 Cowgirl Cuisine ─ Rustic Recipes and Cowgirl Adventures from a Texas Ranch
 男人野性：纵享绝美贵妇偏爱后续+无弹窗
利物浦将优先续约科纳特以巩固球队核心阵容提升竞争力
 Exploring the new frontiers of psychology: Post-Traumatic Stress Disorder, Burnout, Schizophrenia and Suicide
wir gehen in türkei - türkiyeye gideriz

══════

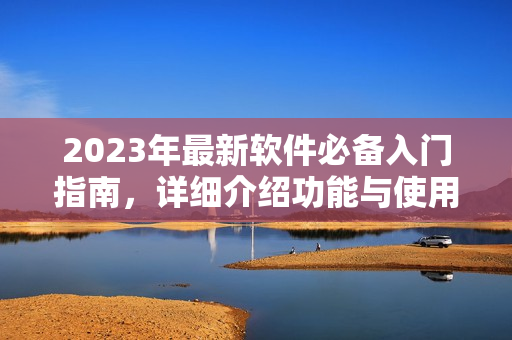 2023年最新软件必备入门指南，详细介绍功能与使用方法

══════

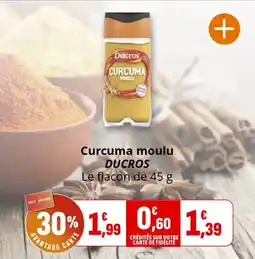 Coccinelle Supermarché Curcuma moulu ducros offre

══════

Activity ▸ Here the job is to set down exactly the lines of the material above that fall between the one with "Cowgirl Cuisine ─" and the one with "wir gehen in türkei - türkiyeye gideriz", inclusive, and nothing beyond them.

Your solution ▸
 Cowgirl Cuisine ─ Rustic Recipes and Cowgirl Adventures from a Texas Ranch
 男人野性：纵享绝美贵妇偏爱后续+无弹窗
利物浦将优先续约科纳特以巩固球队核心阵容提升竞争力
 Exploring the new frontiers of psychology: Post-Traumatic Stress Disorder, Burnout, Schizophrenia and Suicide
wir gehen in türkei - türkiyeye gideriz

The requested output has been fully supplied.